As stated earlier, if the club truly wanted to invest in the course, adding another 75-100 yards but more importantly if they created more challenging and interesting green complexes, brought native vegetation closer in play and narrow the fairways primarily on the front nine, they would improve both the visual and strategic elements to the course. If so, they could certainly have a top five golf course in Wales.
As it is presented today, the better views and interest are looking off the golf course instead of on the golf course.
I agree with most of what’s already been written here. Six holes are top-notch then the rest vary between good and boring. Near the road the turf doesn’t feel like a links course, and the 10th and 18th fairways were basically flooded after heavy rain. Okay there’s a stream there but that gathering of water wouldn’t happen if the ground was sandy and bouncy.
It's still playable and there’s fun to be had but P&K won’t prove the highlight of many trips. During the front nine we were more interested in gazing towards the dunes on the back. There’s a lot of bracken over there which in Autumn turned a striking red, really giving it a unique and wild look. Walking from the 10th to the 11th there is such a marked change in scenery and vibe. If only they’d built both nines over there!
It’s also a fair bit tougher over that side as wayward shots will find uneven lies. I had major trouble on the 13th, do not try and cut that dogleg. I didn’t but stuck one on the inside anyway. The par 3 15th is a bit of a redan, you can feed the ball from the right and around a bunker. The greens in that part were more interesting too but they were in good condition all over to be fair, apart from some expected puddles.

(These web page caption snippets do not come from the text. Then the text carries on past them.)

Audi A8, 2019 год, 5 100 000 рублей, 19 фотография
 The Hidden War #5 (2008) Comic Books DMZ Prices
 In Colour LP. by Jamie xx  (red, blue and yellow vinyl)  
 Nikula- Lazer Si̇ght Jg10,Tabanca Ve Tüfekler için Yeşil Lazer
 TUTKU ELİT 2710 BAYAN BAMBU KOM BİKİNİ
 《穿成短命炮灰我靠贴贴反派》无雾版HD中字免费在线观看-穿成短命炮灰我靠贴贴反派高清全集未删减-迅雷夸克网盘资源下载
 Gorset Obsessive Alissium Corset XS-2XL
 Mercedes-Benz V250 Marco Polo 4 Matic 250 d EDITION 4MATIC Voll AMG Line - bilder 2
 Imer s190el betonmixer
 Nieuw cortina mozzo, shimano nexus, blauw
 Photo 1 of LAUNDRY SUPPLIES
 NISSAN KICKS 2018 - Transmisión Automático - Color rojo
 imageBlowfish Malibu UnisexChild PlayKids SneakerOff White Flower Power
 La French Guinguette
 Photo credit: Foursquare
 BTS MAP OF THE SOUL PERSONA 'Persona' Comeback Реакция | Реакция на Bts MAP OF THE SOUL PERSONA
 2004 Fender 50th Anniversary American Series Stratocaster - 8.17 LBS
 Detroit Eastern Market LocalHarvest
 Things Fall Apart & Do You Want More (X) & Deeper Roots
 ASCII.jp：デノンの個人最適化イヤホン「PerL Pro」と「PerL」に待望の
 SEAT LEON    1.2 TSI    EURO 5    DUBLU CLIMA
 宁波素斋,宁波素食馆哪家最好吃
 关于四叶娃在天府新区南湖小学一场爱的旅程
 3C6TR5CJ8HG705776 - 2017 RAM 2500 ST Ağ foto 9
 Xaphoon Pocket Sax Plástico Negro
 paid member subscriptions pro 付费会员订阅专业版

Overall, if planning a Welsh trip I wouldn’t prioritise Pyle & Kenfig but if it works out to be convenient, sure, go for it. In warmer, drier conditions the front nine would likely be more fun as well, it’s fairly wide so I’m sure you would enjoy bombing tee shots and watching them roll out.
10 day trip to Wales in July with my annual UK/Ireland regulars, P&K was first up, and perfect for first off the plane. Gentle front nice and lovely links in the dunes on the back. Pleasant ambiance, nice welcome, good caddies.nice way to start the trip. Try it!